→ ACTIVITY
In the copy, include every record below exactly as it appears, but no pictures.

→ LISTED ENTRIES
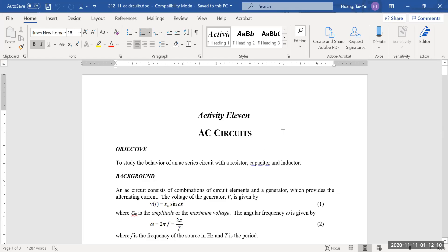All right, so this week we'll be doing the experiment of 11: AC circuits. So what are AC circuits? AC circuits are circuits that are powered by an alternating current source.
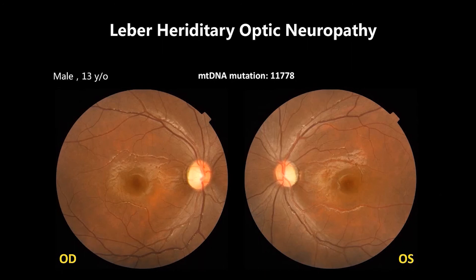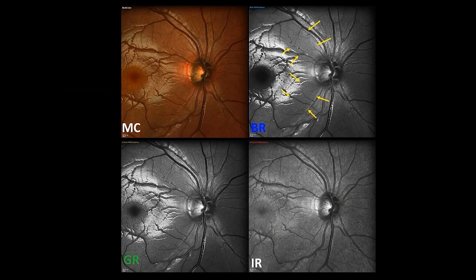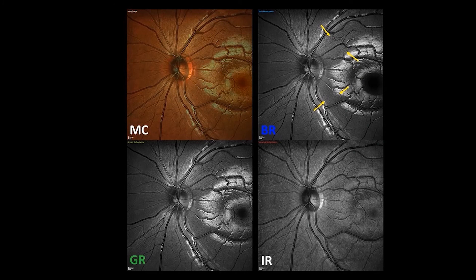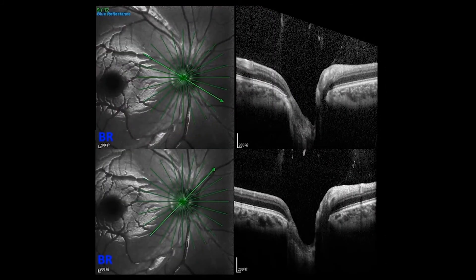The last case is Leber hereditary optic neuropathy. You may notice that the temporal portion of the disc is pale on each eye. The mitochondrial DNA mutation site was 11778. The blue reflectance showed the retinal nerve fiber layer defect obviously on both eyes, with OCT confirming the defects.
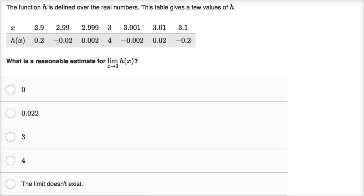Let's do another example. The function h is defined over the real numbers, and this table gives a few values of h. What is a reasonable estimate for the limit as x approaches three of h of x? As x approaches three from the left: at 2.9 we're at 0.2, at 2.99 we go to negative 0.02, at 2.999 we get to positive 0.002.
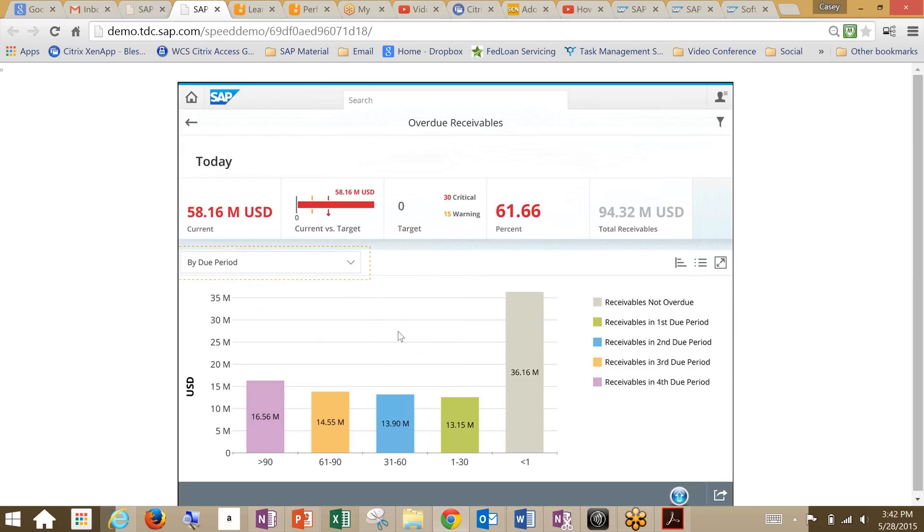So we'll go into our overdue receivables. What you're seeing here is our overdue receivables by period. We have periods one through four, and we have ones that are not overdue. We also have our static information that came from our tile describing our overdue receivables.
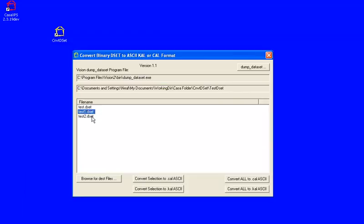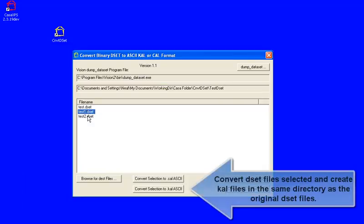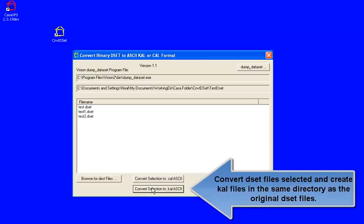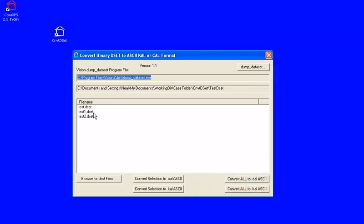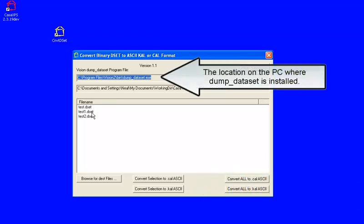If you select a pair of these holding the control key down to add to the selection, there's a button that says convert to CAL ASCII. What happens when you press this button is that the dump dataset program that is part of the Vision 2 installation is then used to process the DSET files and construct these CAL files.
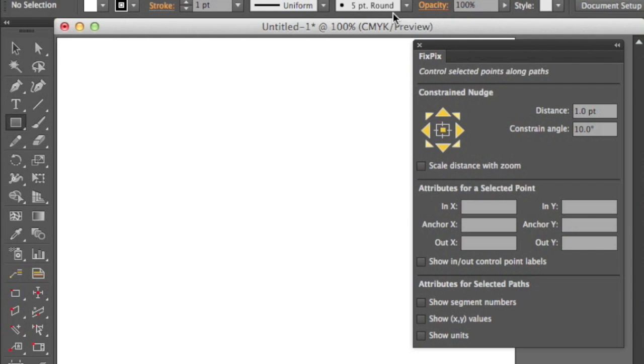We're going to show you FixPix. FixPix is a new panel by Hotdoor, the developers of CAD tools.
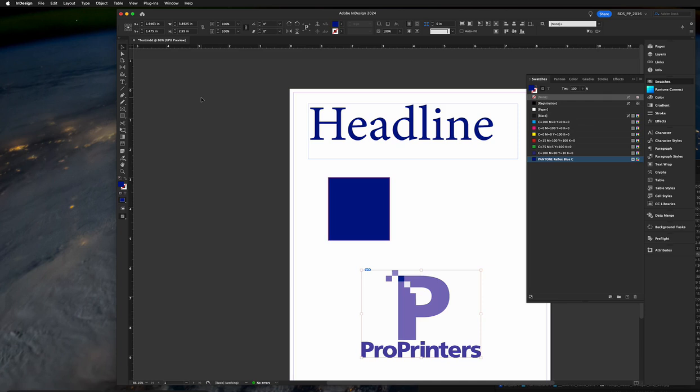Then you can export as a PDF and the Pantone spot color will be maintained. I've created another video for exporting a file as a PDF from InDesign, so see that video for details.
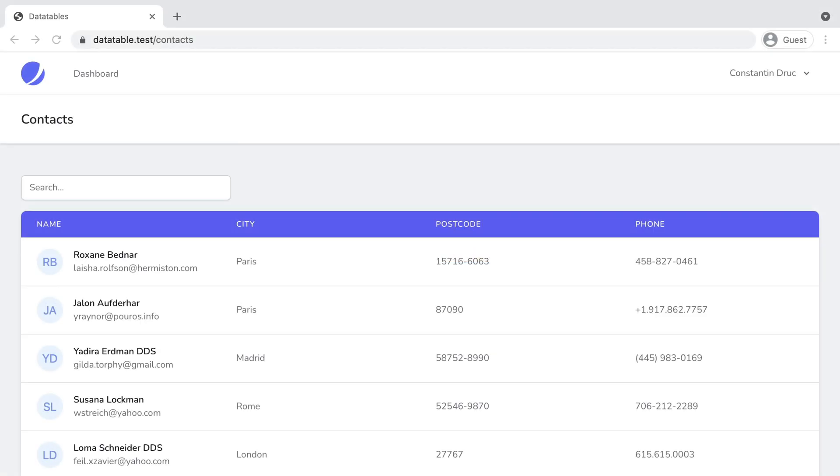Data tables are one of the most common components found in web applications. No matter what the app does, there's probably a data table somewhere used to display and filter some kind of records. In this video, we'll see how we can create one with Laravel and Inertia.js.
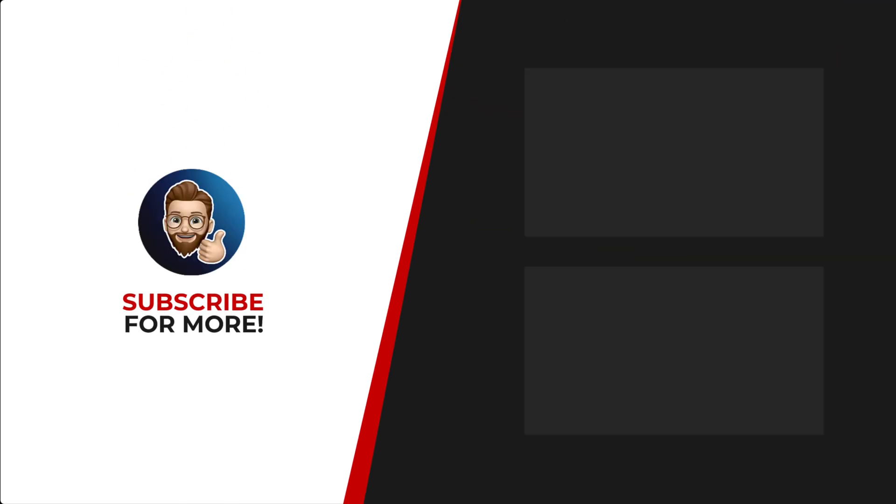Thanks for watching. If you'd like to see more content like this, be sure to check out the channel. And if you like what you see, don't forget to hit that subscribe button. Thank you for joining me. See you next time.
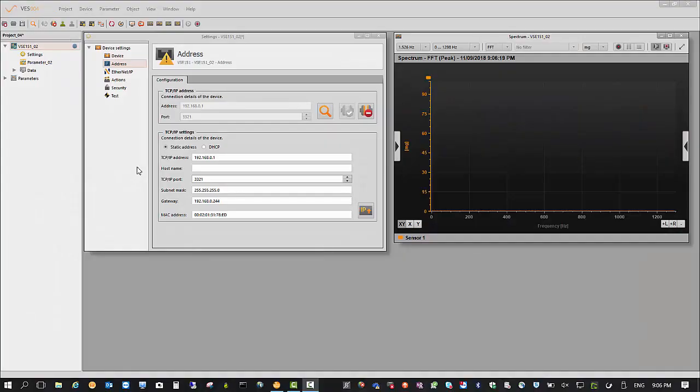Hi, Chris Dicke from IFM here, Product Manager for Octavus Operation Monitoring Equipment.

→ RESPONSE BELOW
All right, so this week we'll be doing the experiment of 11: AC circuits. So what are AC circuits? AC circuits are circuits that are powered by an alternating current source.
The last case is Leber hereditary optic neuropathy. You may notice that the temporal portion of the disc is pale on each eye. The mitochondrial DNA mutation site was 11778. The blue reflectance showed the retinal nerve fiber layer defect obviously on both eyes, with OCT confirming the defects.
Let's do another example. The function h is defined over the real numbers, and this table gives a few values of h. What is a reasonable estimate for the limit as x approaches three of h of x? As x approaches three from the left: at 2.9 we're at 0.2, at 2.99 we go to negative 0.02, at 2.999 we get to positive 0.002.
So we'll go into our overdue receivables. What you're seeing here is our overdue receivables by period. We have periods one through four, and we have ones that are not overdue. We also have our static information that came from our tile describing our overdue receivables.
If you select a pair of these holding the control key down to add to the selection, there's a button that says convert to CAL ASCII. What happens when you press this button is that the dump dataset program that is part of the Vision 2 installation is then used to process the DSET files and construct these CAL files.
We're going to show you FixPix. FixPix is a new panel by Hotdoor, the developers of CAD tools.
Then you can export as a PDF and the Pantone spot color will be maintained. I've created another video for exporting a file as a PDF from InDesign, so see that video for details.
Data tables are one of the most common components found in web applications. No matter what the app does, there's probably a data table somewhere used to display and filter some kind of records. In this video, we'll see how we can create one with Laravel and Inertia.js.
Thanks for watching. If you'd like to see more content like this, be sure to check out the channel. And if you like what you see, don't forget to hit that subscribe button. Thank you for joining me. See you next time.
Hi, Chris Dicke from IFM here, Product Manager for Octavus Operation Monitoring Equipment.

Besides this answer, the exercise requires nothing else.